Action item: write a short note in your lab repo describing the security model you sketched for one Flow‑style flow, and how you would enforce confidentiality, integrity, and availability there.
Video
Next Steps
- Read
04‑formal‑modeling‑and‑verification.mdnext to see how to move from semi‑formal security‑modeling to light‑style formal‑method‑style checks. - Treat every new Flow‑style protocol layer as something that must have an explicit security model, even if brief.
- When you design a protocol, start by asking: “What are the trust boundaries, assets, and security properties, and how will we defend against the main threats identified by a STRIDE‑style pass?”

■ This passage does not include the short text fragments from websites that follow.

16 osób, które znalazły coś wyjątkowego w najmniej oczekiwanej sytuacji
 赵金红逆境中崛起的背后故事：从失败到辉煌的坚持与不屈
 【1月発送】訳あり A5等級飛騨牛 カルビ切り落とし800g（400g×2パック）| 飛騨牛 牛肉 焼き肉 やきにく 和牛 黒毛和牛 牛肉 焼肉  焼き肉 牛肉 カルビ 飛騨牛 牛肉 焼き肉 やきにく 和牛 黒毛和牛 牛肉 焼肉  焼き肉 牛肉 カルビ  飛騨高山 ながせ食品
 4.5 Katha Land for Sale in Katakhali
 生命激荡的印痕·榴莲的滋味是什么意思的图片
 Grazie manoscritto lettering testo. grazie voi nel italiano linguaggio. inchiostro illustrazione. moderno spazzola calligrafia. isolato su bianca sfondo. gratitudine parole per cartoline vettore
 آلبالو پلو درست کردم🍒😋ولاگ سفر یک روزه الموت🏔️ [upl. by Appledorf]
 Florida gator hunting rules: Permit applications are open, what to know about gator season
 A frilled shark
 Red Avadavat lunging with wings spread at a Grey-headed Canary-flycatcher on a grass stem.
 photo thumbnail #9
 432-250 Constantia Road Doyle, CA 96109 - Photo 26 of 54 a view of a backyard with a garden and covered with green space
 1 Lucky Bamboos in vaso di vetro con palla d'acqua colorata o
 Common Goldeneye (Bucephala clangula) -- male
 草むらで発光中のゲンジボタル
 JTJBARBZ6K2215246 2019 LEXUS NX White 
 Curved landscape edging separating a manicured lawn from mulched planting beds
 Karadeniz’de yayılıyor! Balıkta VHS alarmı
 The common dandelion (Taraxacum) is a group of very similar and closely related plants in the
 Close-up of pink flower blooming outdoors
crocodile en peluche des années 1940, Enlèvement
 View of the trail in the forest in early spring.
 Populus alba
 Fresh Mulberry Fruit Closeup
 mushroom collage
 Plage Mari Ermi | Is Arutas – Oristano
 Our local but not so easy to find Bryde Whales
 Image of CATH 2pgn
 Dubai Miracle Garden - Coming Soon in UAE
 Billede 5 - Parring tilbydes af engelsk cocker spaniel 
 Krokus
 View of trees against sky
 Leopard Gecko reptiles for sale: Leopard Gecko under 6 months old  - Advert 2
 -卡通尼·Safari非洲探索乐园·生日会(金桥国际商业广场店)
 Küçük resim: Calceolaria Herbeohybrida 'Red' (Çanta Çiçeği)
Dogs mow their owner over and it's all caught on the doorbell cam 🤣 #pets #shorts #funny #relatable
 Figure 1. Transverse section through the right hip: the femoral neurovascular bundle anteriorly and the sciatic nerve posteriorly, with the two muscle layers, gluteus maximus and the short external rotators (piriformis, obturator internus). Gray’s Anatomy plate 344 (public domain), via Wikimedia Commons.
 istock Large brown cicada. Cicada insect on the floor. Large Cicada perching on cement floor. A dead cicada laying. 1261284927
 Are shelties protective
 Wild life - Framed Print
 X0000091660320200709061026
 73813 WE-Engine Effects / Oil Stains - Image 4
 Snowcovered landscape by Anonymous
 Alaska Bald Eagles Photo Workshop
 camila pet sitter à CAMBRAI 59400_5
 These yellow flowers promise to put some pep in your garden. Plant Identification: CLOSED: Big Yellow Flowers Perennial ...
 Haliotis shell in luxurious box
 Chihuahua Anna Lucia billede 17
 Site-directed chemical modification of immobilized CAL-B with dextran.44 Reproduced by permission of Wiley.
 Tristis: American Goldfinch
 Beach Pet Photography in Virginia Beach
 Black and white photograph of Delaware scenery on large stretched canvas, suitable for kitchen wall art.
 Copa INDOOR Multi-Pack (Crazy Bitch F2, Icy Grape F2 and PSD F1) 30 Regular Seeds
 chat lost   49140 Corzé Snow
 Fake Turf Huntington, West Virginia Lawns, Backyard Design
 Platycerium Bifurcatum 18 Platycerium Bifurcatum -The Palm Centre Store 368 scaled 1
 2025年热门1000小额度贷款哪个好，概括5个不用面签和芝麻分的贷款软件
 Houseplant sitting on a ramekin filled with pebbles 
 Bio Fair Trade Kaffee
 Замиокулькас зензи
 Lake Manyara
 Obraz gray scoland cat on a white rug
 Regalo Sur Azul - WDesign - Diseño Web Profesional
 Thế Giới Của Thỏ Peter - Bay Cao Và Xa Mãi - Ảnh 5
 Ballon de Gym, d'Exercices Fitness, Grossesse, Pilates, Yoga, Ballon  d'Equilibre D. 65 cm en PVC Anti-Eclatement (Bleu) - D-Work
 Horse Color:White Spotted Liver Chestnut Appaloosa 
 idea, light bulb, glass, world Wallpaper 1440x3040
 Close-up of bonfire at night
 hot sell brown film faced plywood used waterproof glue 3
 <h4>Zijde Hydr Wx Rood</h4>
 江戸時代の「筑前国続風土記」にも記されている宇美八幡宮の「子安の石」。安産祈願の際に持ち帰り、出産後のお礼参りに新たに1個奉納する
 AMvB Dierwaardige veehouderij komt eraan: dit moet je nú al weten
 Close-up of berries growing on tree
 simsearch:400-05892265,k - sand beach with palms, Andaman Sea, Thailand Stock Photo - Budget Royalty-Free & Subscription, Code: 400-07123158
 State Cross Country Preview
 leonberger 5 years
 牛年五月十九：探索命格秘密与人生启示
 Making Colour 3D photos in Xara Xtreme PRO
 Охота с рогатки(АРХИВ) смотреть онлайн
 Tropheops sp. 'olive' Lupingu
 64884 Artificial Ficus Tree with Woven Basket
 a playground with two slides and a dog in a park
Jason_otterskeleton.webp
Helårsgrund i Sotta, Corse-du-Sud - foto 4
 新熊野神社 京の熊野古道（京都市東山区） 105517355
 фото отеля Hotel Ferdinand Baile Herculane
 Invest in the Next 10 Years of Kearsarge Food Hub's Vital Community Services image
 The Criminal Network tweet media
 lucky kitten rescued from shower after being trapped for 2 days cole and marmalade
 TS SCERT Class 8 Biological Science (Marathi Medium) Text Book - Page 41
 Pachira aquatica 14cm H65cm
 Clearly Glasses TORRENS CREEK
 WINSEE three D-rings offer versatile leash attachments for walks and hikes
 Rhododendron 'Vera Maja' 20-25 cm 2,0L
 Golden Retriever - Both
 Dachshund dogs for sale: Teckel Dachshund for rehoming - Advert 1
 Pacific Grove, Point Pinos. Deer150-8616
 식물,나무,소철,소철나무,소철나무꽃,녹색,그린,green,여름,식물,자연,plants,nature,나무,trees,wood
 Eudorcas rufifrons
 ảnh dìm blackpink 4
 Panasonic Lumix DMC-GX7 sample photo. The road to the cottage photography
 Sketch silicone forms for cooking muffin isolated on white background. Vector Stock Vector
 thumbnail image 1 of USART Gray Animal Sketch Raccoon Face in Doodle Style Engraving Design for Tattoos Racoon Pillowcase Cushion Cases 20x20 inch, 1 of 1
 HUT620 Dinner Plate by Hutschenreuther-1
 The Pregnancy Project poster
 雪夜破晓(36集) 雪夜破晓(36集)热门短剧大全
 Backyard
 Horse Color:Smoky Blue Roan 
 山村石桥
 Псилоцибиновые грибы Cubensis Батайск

This lesson gives Flow Initiative trainees an advanced‑level understanding of security modeling in protocol‑style systems, focusing on trust boundaries, threat actors, attack surface, and security properties, and how to apply threat‑modeling‑style analysis (e.g., STRIDE) to Flow‑style governance‑style and ML‑driven protocols to expose and mitigate risks early in the design process.